Persecution, imprisonment and even torture, are still potential threats for researchers worldwide. Founded in 1933, the Council for At-Risk Academics (Cara), comes to their aid. Elsevier, through its Mendeley platform, is collaborating with Cara to help them leverage technology to enhance the work being done. Elsevier has also gifted 11 “Ambassador” accounts to Cara’s Syrian program, enabling full access to ScienceDirect. Cara focuses on extricating affected academics from immediate danger, relocating them and helping them develop new skills that will enable them to ultimately return to their homelands and take up positions to continue research and teaching while benefiting their own community.
Next Einstein Forum
Launched in 2013, the Next Einstein Forum (NEF) is an initiative of the African Institute for Mathematical Sciences (AIMS) in partnership with Robert Bosch Stiftung. The NEF is a platform that connects science, society and policy in Africa and the rest of the world – with the goal to leverage science for human development globally. The NEF believes that Africa’s contributions to the global scientific community are critical for global progress. At the centre of NEF efforts are Africa’s young people, the driving force for Africa’s scientific renaissance.
As part of our commitment to sustainability and access, Elsevier donates returned or remaindered books to those who need it most. Since 2004, we have partnered with professional book donation organizations targeting schools, hospitals, universities and non-profits in developing countries.
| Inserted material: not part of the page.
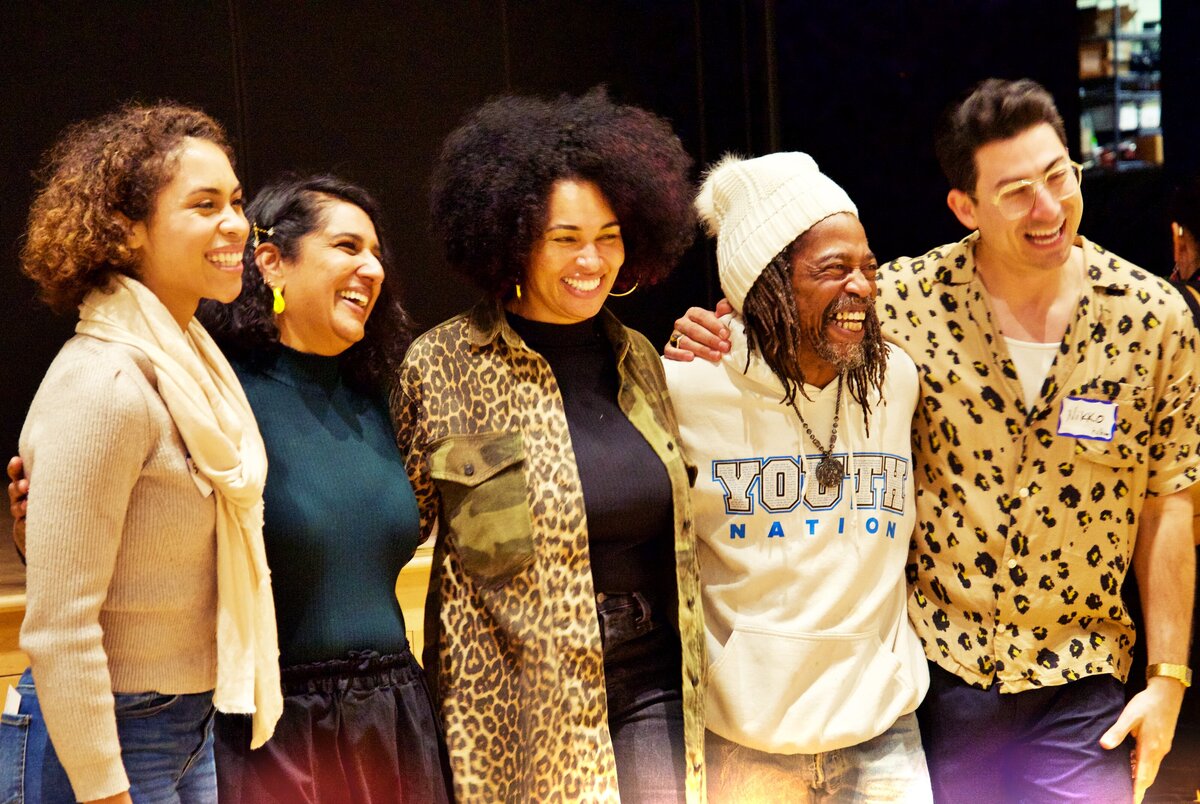 Five people smiling in a line posing for the photo arms linked around shoulders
Book Aid International promotes literacy in developing countries by creating reading and learning opportunities. Book Aid focuses on sub-Saharan Africa, working with partner organizations across 12 countries. As part of our commitment to sustainability and access, the RELX Group works in an innovative partnership with Book Aid International, donating over $200,000 and 750,000 books over the last ten years.
Books for Asia is the leading provider of donated information resources in the region, reaching thousands of institutions in 20 Asian countries, connecting students, educators, and local and national leaders with the knowledge they need to improve lives and expand opportunities. Through donations and technology initiatives, they help young students build knowledge in the business, legal and science professions; sharpen vocational and research ability; and enhance much needed English-language skills to compete in the global economy.